Cook flipped the over-fried bacon. “Volcanoes are pretty dangerous, Alfie.”

“Only if they're activated!”

Gina, dressed down for a day off work, sat beside Alfie but screened herself out of the debate with strong morning coffee and a copy of
Vogue
. This was her refined survival skill – simultaneous absence and presence. Cook's method was swagger – a studied visibility. He sang and hummed and whistled, prepared comfort snacks, sneaked up the volume on his record player. In the absence of connection, Dorian and Gina Cook had settled for collaboration, resculpting their arrangement from loving relationship to working partnership. Mostly, this was punishing emotional graft – a choreography of bluffs and feints, joshes and jostles. Mutually assured self-destruction. Breakfast, though, was usually relaxed – foggy brains blunted to conflict, the urge to refuel serving as repellent against lingering melodrama. Lunch and dinner, to a lesser degree, carried the theme – natural communion around food forcing a welcome interval from the pantomime. Like a gloomy teenager, it was a marriage that now emerged only at mealtimes.

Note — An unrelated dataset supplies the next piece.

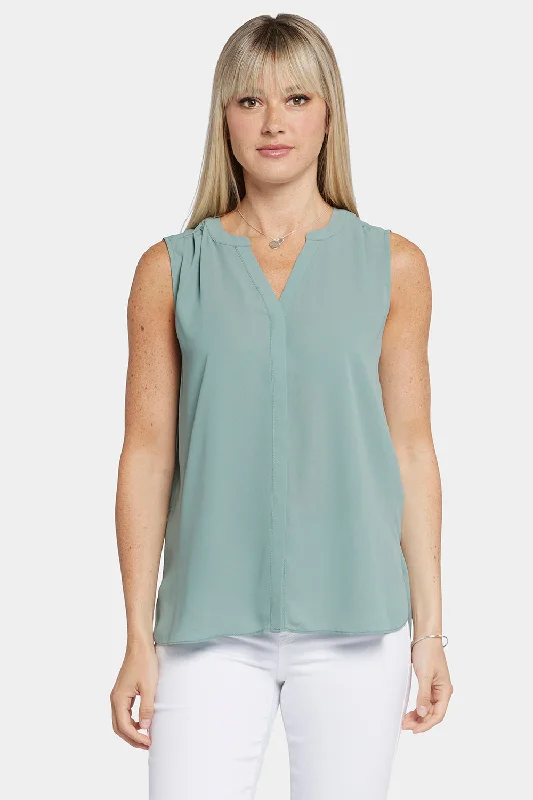 sleeveless-pintuck-blouse-lily-pad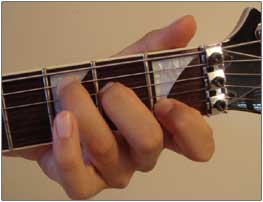 C Major chord finger placement C Major chord finger placement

Cook scored a ragged incision down the centre of a bread roll and pressed two rashers of bacon into the slot. He snaked a squiggle of brown sauce over the top and handed it to Alfie.

“Use a plate, darling!”

This from Gina to Alfie, not from Gina to Cook. Another survival trick – using children as conduit for confrontation avoidance. Cook slid over a side-plate without comment.

“We should go to the Adventure Playground!” announced Gina.

“The one with the Pirate Ship?” said Alfie, through a mouthful of bacon.

School was closed for training and Gina had booked the day off to do ‘outdoor things' with Alfie. She had volunteered this to Cook by text message several weeks ago but, as if to illustrate the toxicity of their recent communication, he had deleted the message without reading it, and had also taken the day as leave. Now, they faced the uncommon anxiety of double-parenting. Cook had planned to spend the morning holed up in his study with Alain Resnais' adaptation of Ayckbourn's
Private Fears In Public Places
. But he needed to bank sufficient goodwill to allow him to disappear in the evening – for his meeting with Brereton and Mountford.

“Yeah, that'd be good. I'll come, too!”

Gina paused, midway through a page-flip, and looked up at Cook. “Really? Oh! That would be nice.”

“Yay!” bounced Alfie. “Mummy
and
Daddy Day!”

They both knew that ‘nice' was a charitable forecast.

*

At the park playground, Cook and Gina deposited Alfie into the relative safety of the stress-tested rope-ladders and rubber-floored gangways. They were both quick on the draw with their phones – Cook prodding at work emails, Gina scrolling through various social media feeds. Cook spotted an unoccupied wooden bench and motioned for Gina to claim it, but she was too slow, and they were forced to hover as a nuclear family moved in and set upon a box of pizza slices.

“We can give him an hour or so,” confirmed Cook to his phone-screen, through a daze of task-juggling (answering an email, checking his bank balance, dismissing an alert, flapping at a wasp). “I've got some work to do and then there's this reunion thing later.”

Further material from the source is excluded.